Opinion
2013-03540
03-18-2015
Langone & Associates, PLLC, Garden City, N.Y. (Richard M. Langone of counsel), for appellants. Knuckles, Komosinski & Elliott LLP, Elmsford, N.Y. (Allison J. Marden of counsel), for respondent.
Langone & Associates, PLLC, Garden City, N.Y. (Richard M. Langone of counsel), for appellants.
Knuckles, Komosinski & Elliott LLP, Elmsford, N.Y. (Allison J. Marden of counsel), for respondent.
RANDALL T. ENG, P.J., LEONARD B. AUSTIN, JEFFREY A. COHEN and BETSY BARROS, JJ.
Opinion In an action to foreclose a mortgage, the defendants Ria Enaw and Augustin G. Enaw appeal, as limited by their brief, from so much of an order of the Supreme Court, Suffolk County (Jones, Jr., J.) dated January 9, 2013, as granted those branches of the plaintiff's motion which were for summary judgment on the complaint insofar as asserted against them and dismissing their counterclaims.
ORDERED that the order is affirmed insofar as appealed from, with costs.
The plaintiff established its prima facie entitlement to judgment as a matter of law on the complaint insofar as asserted against the appellants by the production of the mortgage, the unpaid note, and evidence of default (see U.S. Bank N.A. v. Weinman, 123 A.D.3d 1108, 2 N.Y.S.3d 128 ; Plaza Equities, LLC v.
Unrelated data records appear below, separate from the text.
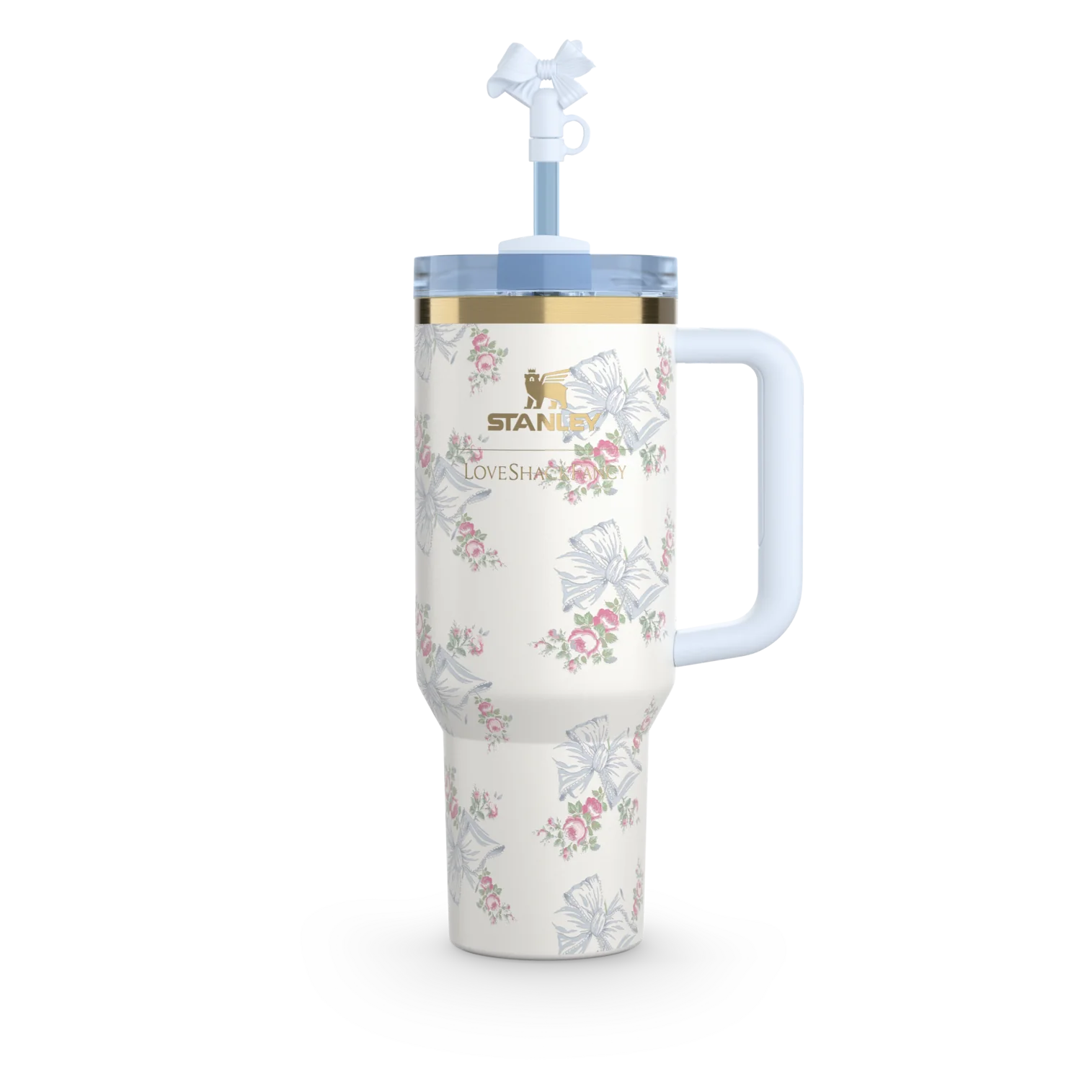 Stanley x LoveShackFancy Holiday Quencher | 40 OZ BLUE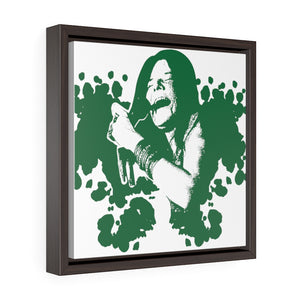 Open image in slideshow, Framed Premium Gallery Wrap Canvas - Janis (Green)
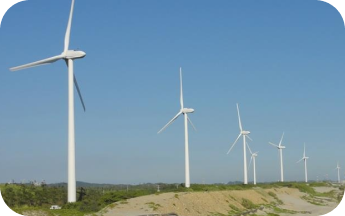 御前崎市内に立地する風力発電所「御前崎風力発電所」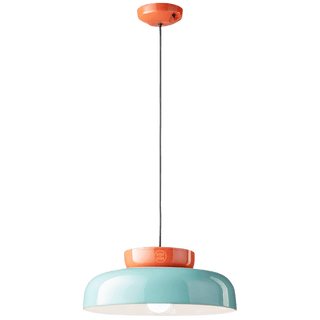 MARACANÀ SHORT CERAMIC GLASS PENDANT SHADE LAMP - DYKE & DEAN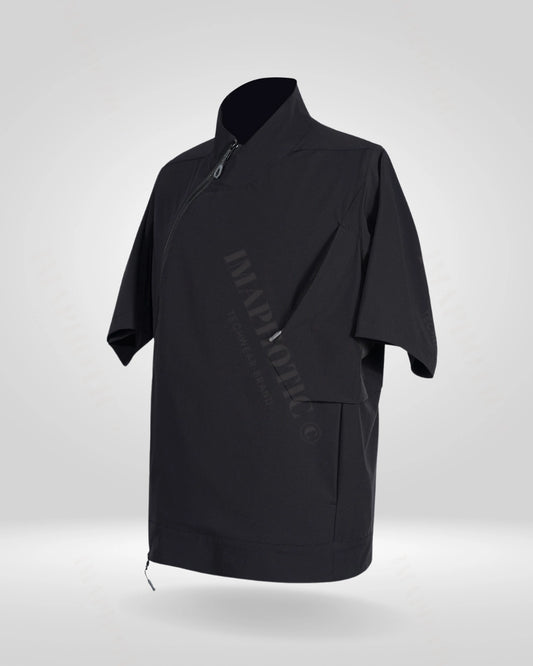 Performance Zipper Pocket Tactical Short Sleeve Shirt - quick-drying shirt - Innovative Tactical Short Sleeve Shirt with Zipper Pockets - Main view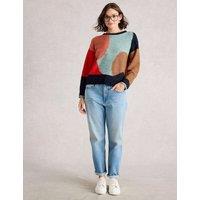 Patterned Jumper with Wool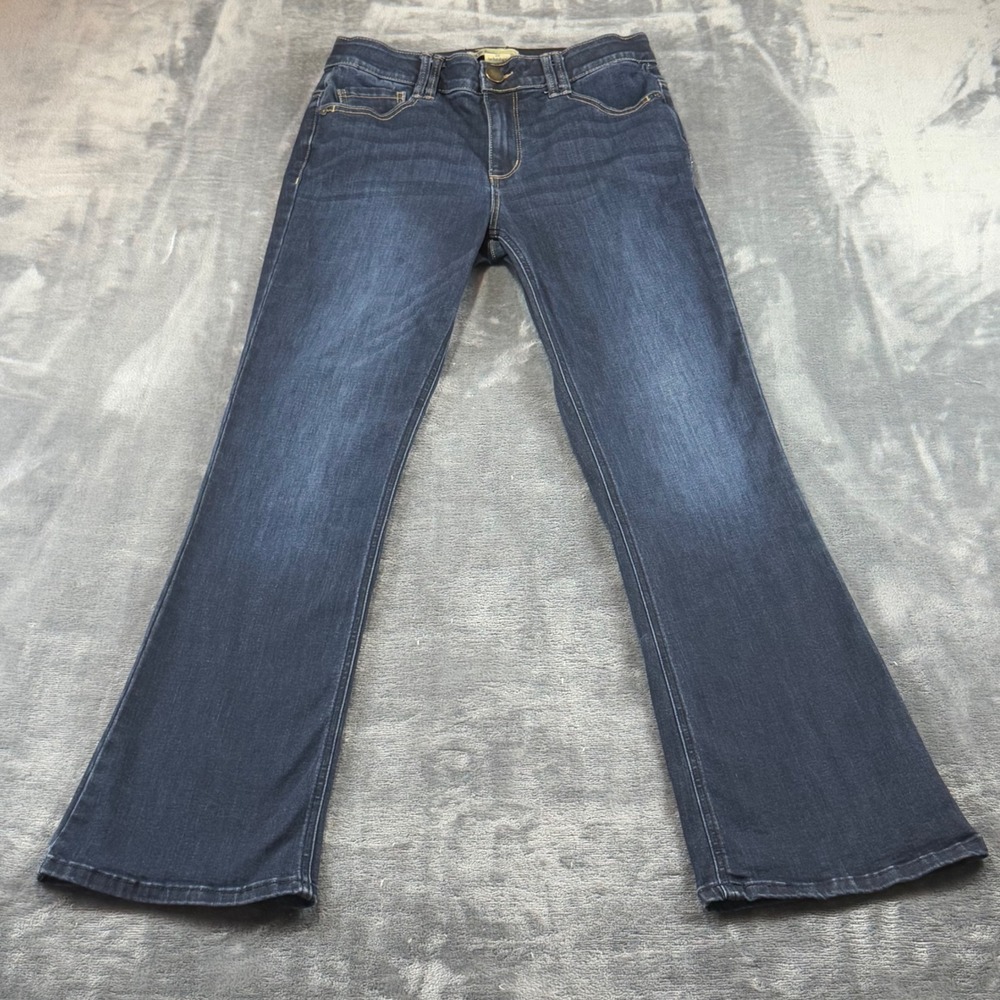 Democracy Ab Technology Bootcut Jeans Womens 8 Dark Wash Blue B2479KEEAXX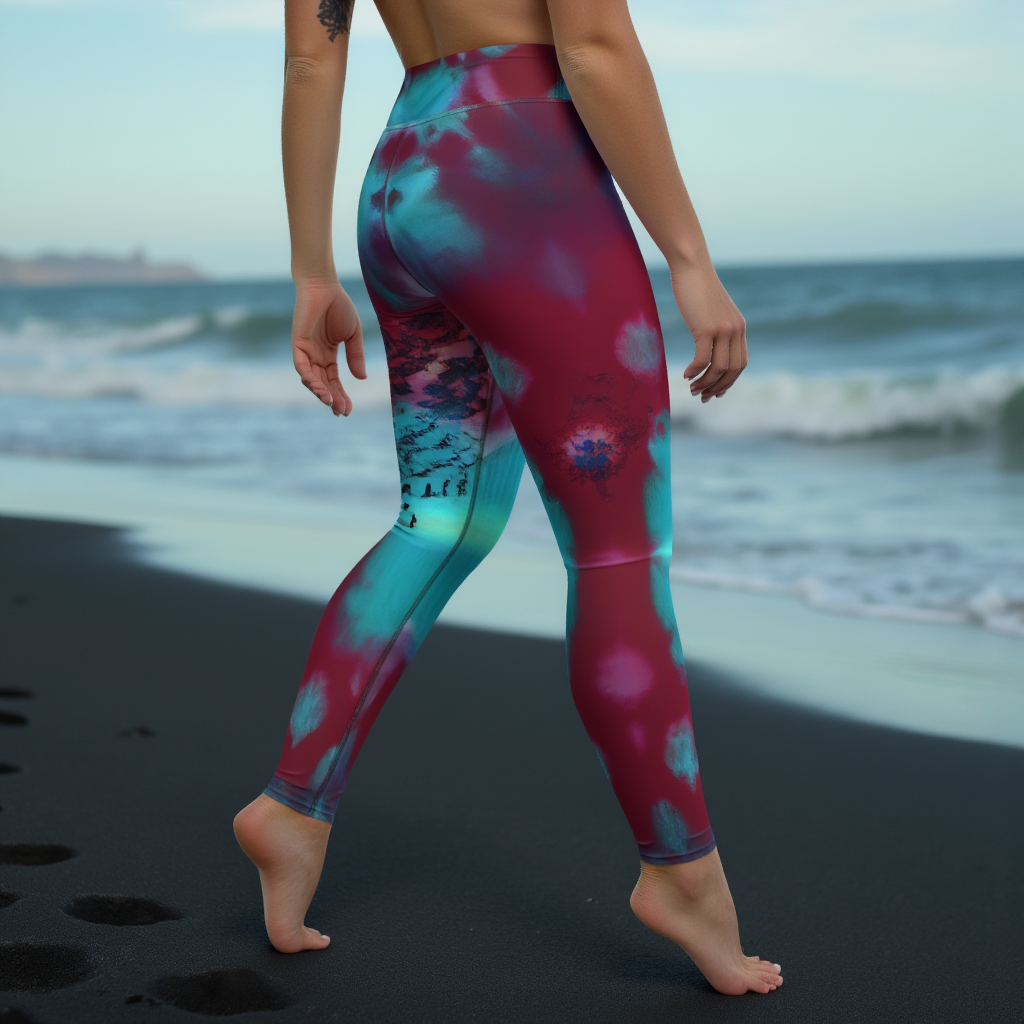 Dead Head Rising High Waisted Yoga Leggings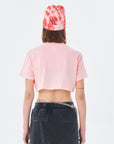 High On Marble Rose 64 Women Crop Top Tshirt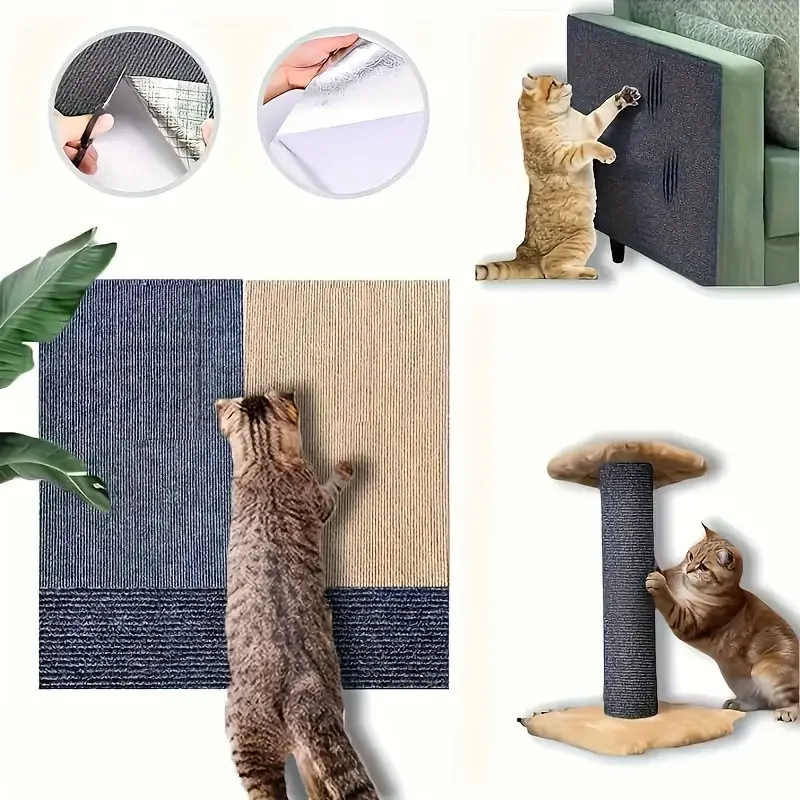 Anti Cat Scratch Furniture Protector, Self-Adhesive Cat Scra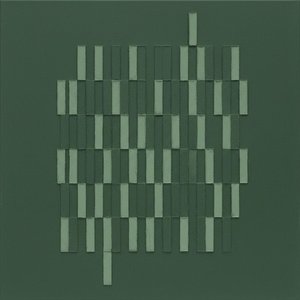 Monolithic Silence In Sage And Forest Green: A Singular Geometric Meditation — David Moreau, Minimalist Art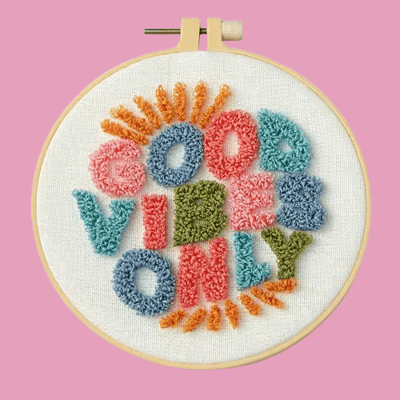 Image of Good Vibes Only Needle Punch Kit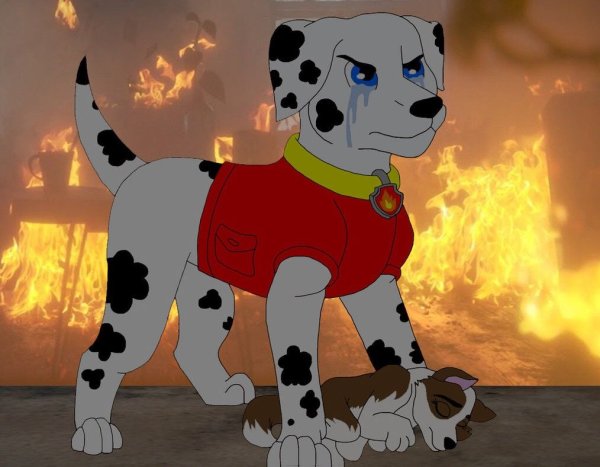 Маршал Paw Patrol Art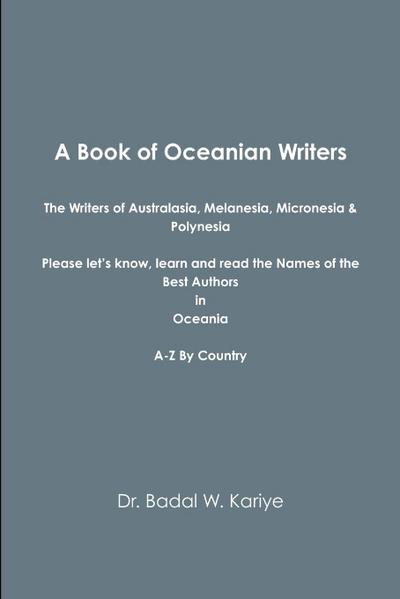 A Book of Oceanian Writers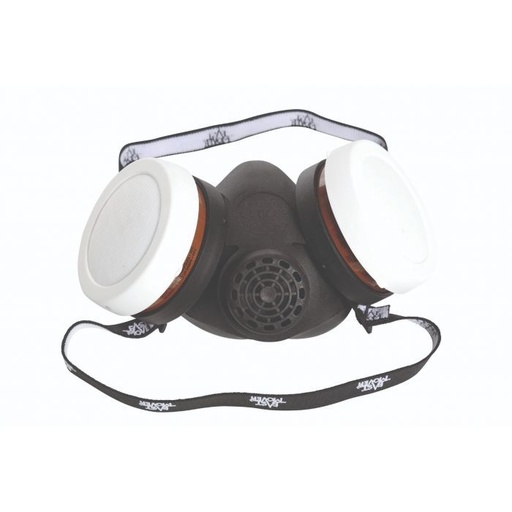 [FMT4351] Fast Mover Half face mask fitted with 2 A1P2 cartridges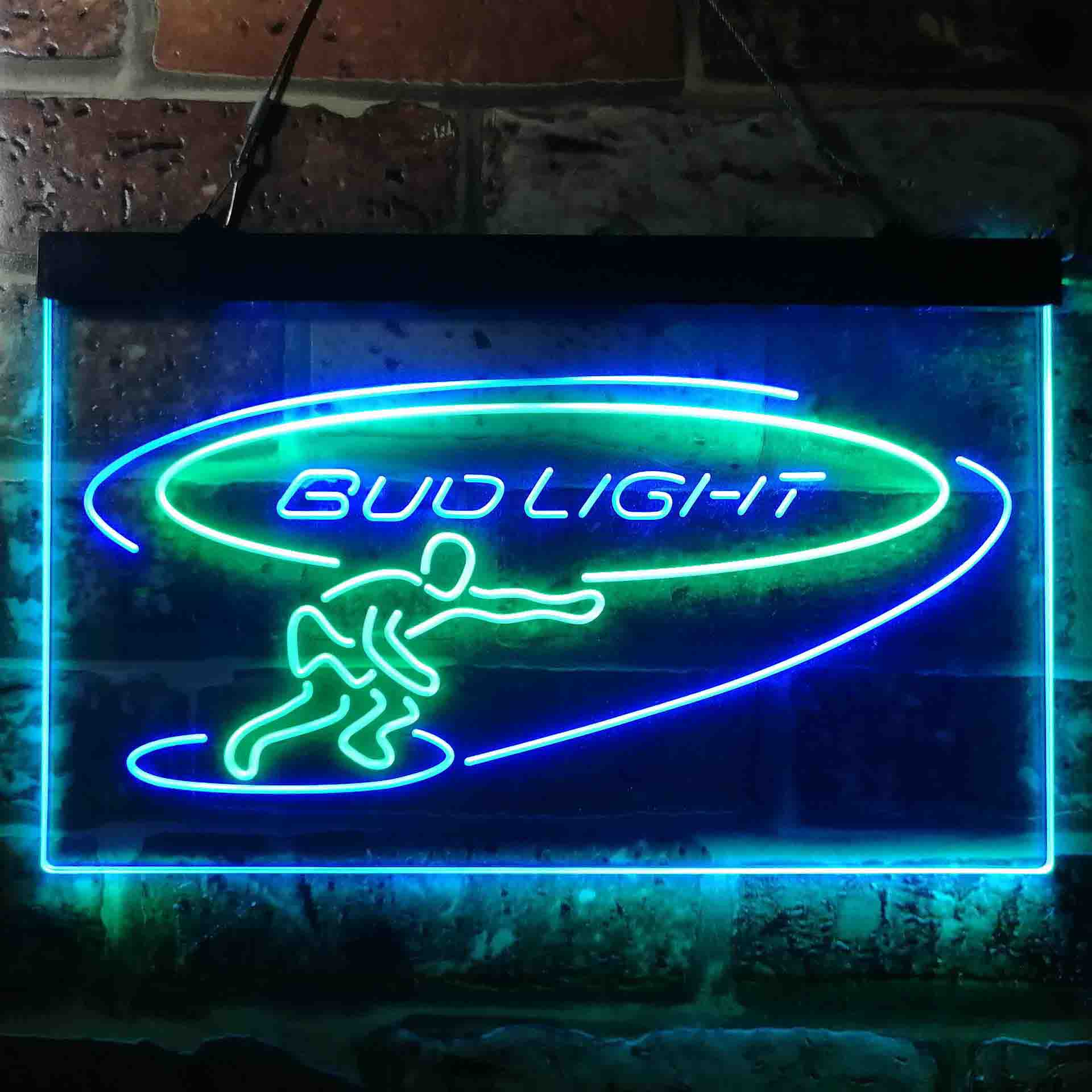 Bud Light Surf Snowboarder Neon-Like LED Sign - Image 9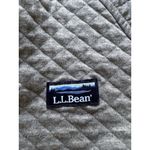 LL Bean Quilted Sweatshirt Men Large Gray Full Zip‎ Traditional Fit Mock Neck Photo 3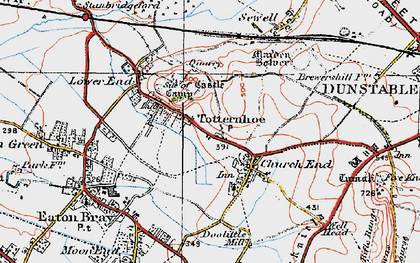 Old map of Totternhoe in 1920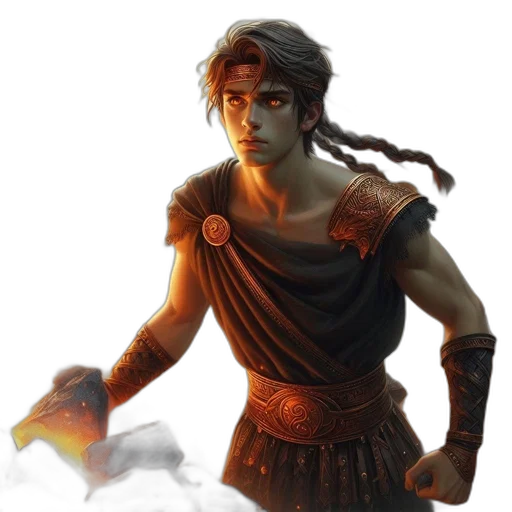 sword, staff, weapon, fantasy art, concept art, photorealistic, comic book art, fire transparent PNG cut-out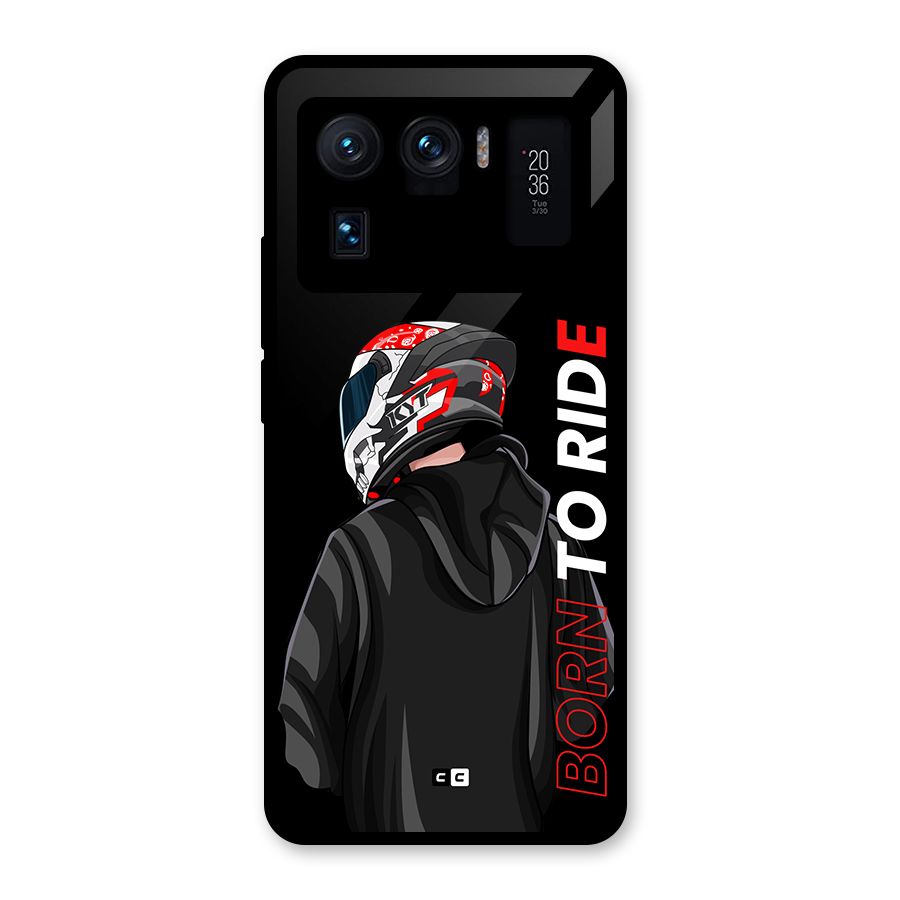 Born To Ride Glass Back Case for Mi 11 Ultra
Lamberti, 118 A.D.3d 688, 689, 986 N.Y.S.2d 843 ; Solomon v. Burden, 104 A.D.3d 839, 961 N.Y.S.2d 535 ; Baron Assoc. LLC v. Garcia Group Enters., Inc., 96 A.D.3d 793, 793, 946 N.Y.S.2d 611 ; Petra CRE CDO 2007–1, LLC v. 160 Jamaica Owners, Inc., 73 A.D.3d 883, 884, 904 N.Y.S.2d 699 ).
In opposition to the plaintiff's motion for summary judgment, the appellants failed to raise a triable issue of fact. The appellants' defense of fraud is without merit. The assertion made by the appellant Ria Enaw, to the effect that she had been led to believe that a reduced monthly payment in the sum of $2,666.01 was guaranteed to remain in effect at least until June 2014, was contradicted both by the terms of the note itself and by the final Truth–In–Lending disclosure statement that was signed by her and the appellant Augustin G. Enaw on March 27, 2007. Any expectation that the appellants would benefit from an annual interest rate of 1.25%, as set forth in a good faith estimate, is flatly contradicted by the interest rate, as set forth on the note itself, and the annual percentage rate that is set forth on the final Truth–in–Lending disclosure statement. A borrower may not properly claim to have reasonably relied on representations that are plainly at odds with the loan documents governing the terms of the loan (see generally Solomon v. Burden, 104 A.D.3d 839, 961 N.Y.S.2d 535 ; Bontempts v. Aude Constr. Corp., 98 A.D.3d 1071, 1073, 951 N.Y.S.2d 561 ; Grand Pac. Fin. Corp. v. 97–111 HALE, LLC, 90 A.D.3d 534, 935 N.Y.S.2d 17 ; Eastern Sav. Bank, FSB v. Sassouni, 68 A.D.3d 917, 892 N.Y.S.2d 421 ).
The appellants' remaining contentions are without merit.
Accordingly, the Supreme Court properly granted those branches of the plaintiff's motion which were for summary judgment on the complaint insofar as asserted against the appellants and dismissing their counterclaims.